A well-known fact is that it is feasible to control and manipulate the quantum properties of individual atoms using laser light.

Scientists from Vienna, Kahan Dare (left) and Manuel Reisenbauer (right) working on the experiment that cooled a levitated nanoparticle to its motional quantum ground state. Image Credit: © Lorenzo Magrini, Yuriy Coroli/University of Vienna.

It would be possible to push even huge clouds of hundreds of millions of atoms into the quantum regime, which leads to the emergence of macroscopic quantum states of matter such as Bose-Einstein condensates or quantum gases. At present, these states are also extensively used in quantum technologies. A fascinating next step would be to extend such a level of quantum control to solid-state objects.

When compared to atomic clouds, a solid’s density is a billion times higher, and all atoms are restrained to collectively move along the center of mass of the object. Thus, new macroscopic quantum states that include huge masses should be feasible.

But it is not so easy to enter this new regime. The first stage in realizing such a level of quantum control is to separate the to-be-investigated object from the effects of the environment and to eliminate all thermal energy. Thermal energy removal is achieved by cooling it to temperatures very close to absolute zero (−273.15 °C) so that the motion of the particle is dominated by quantum mechanics.

The researchers demonstrated this by opting to experiment with a glass bead with a size nearly thousand times smaller compared to a typical grain of sand and including a few hundred million atoms. The particle was isolated from the environment by optically capturing it in a securely focused laser beam under high vacuum.

This trick that was originally proposed by Arthur Ashkin, a Nobel laureate, several decades ago, and is also employed for isolating atoms.

The real challenge is for us to cool the particle motion into its quantum ground state. Laser cooling via atomic transitions is well established and a natural choice for atoms, but it does not work for solids.

Uros Delic, Study Lead Author, University of Vienna

Therefore, the researchers have been striving to implement a laser-cooling technique that was suggested by Austrian physicist Helmut Ritsch at the University of Innsbruck and, autonomously, by Vladan Vuletic, study co-author, and Nobel laureate Steven Chu.

Recently, they had reported a first-ever demonstration of the working concept, “cavity cooling by coherent scattering.” But they were still restricted to working very far from the quantum regime.

We have upgraded our experiment and are now able not only to remove more background gas but also to send in more photons for cooling,” says Delic. In this fashion, it would be possible to cool the glass bead’s motion straight into the quantum regime.
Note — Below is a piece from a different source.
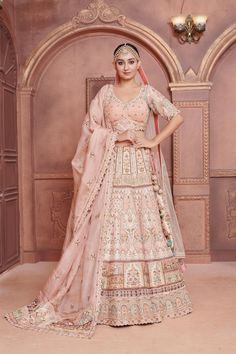 Item: Lehenga Set (Lehenga Skirt, Blouse, and 2 Dupattas) Embrace timeless elegance with our exquisite Pastel Magnolia Lehenga Set. Handcrafted by artisans who specialize in traditional embroidery methods, this ensemble exudes charm and sophistication. Every stitch tells a story, reflecting the rich heritage of Indian craftsmanship. This stunning lehenga in soft hues of pink, is an ode to 'simplicity is elegance'. The hand embroidery done by our artisans all over the lehenga along with the scall Lehenga With Double Dupatta, Embroidery Methods, Double Dupatta, Scalloped Blouse, Special Occasion Gowns, Traditional Embroidery, Skirt Blouse, Lehenga Skirt, Red Lehenga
It is funny to think about this: the surface of our glass bead is extremely hot, around 300 °C, because the laser heats up the electrons in the material. But the motion of the center of mass of the particle is ultra-cold, around 0.00001 °C away from absolute zero, and we can show that the hot particle moves in a quantum way.
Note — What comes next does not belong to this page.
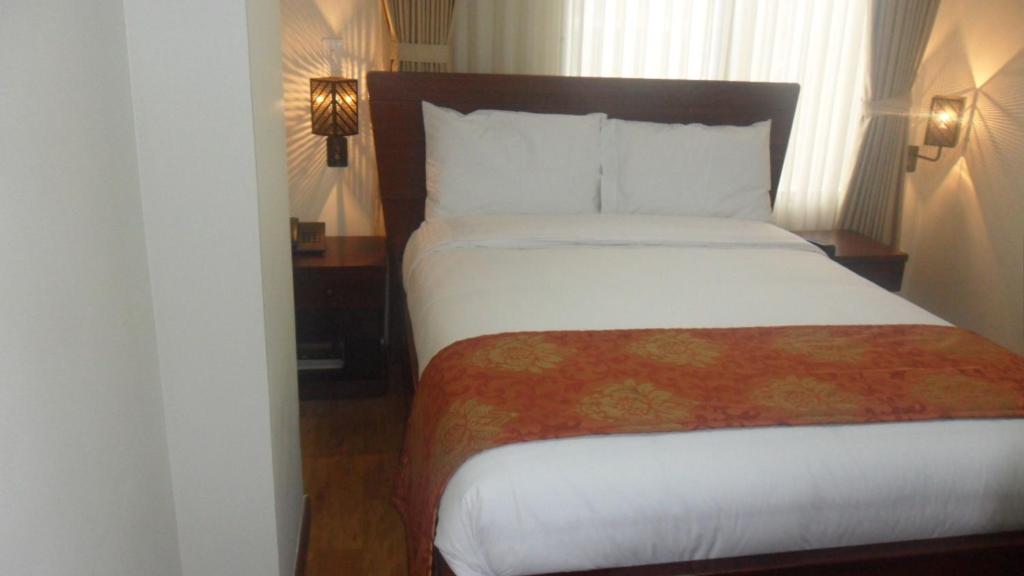 Postel nebo postele na pokoji v ubytování Hotel Splendor by Friends Company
Uros Delic, Study Lead Author, University of Vienna

The team is thrilled about the possibilities of their study. Apart from the Vienna researchers, various other teams across the globe have investigated the quantum motion of solids. To date, experimental systems were formed of nano- and micromechanical resonators, typically diving boards or drums clamped to a rigid support structure.

Optical levitation brings in much more freedom: by changing the optical trap—or even switching it off—we can manipulate the nanoparticle motion in completely new ways.
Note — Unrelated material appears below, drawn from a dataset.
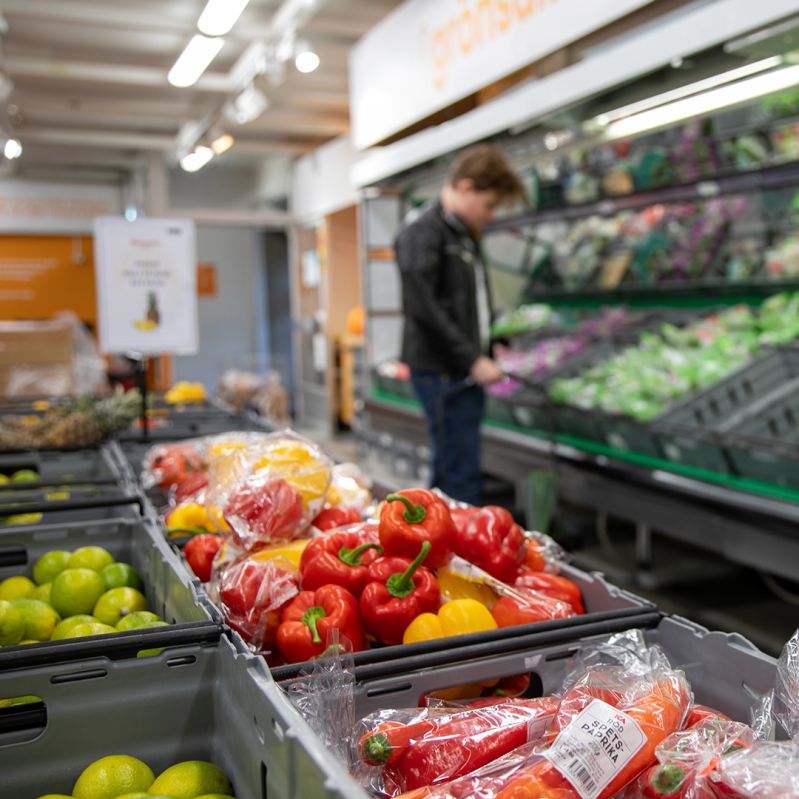 Grönsaksdisken i en Matmissionenbutik. I bakgrunden en man som handlar.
Nikolai Kiesel, Study Co-Author and Assistant Professor, University of Vienna

Various concepts have been put forward in this regard, apart from others by Oriol Romero-Isart and Peter Zoller, Austrian-based physicists at Innsbruck. The concepts may now become feasible.

For instance, together with the most recently realized motional ground state, the researchers believe this opens new prospects for unrivaled sensing performance, the analysis of basic processes of heat engines in the quantum regime, and the investigation of quantum phenomena that involve huge masses.

A decade ago we started this experiment motivated by the prospect of a new category of quantum experiments. We finally have opened the door to this regime.”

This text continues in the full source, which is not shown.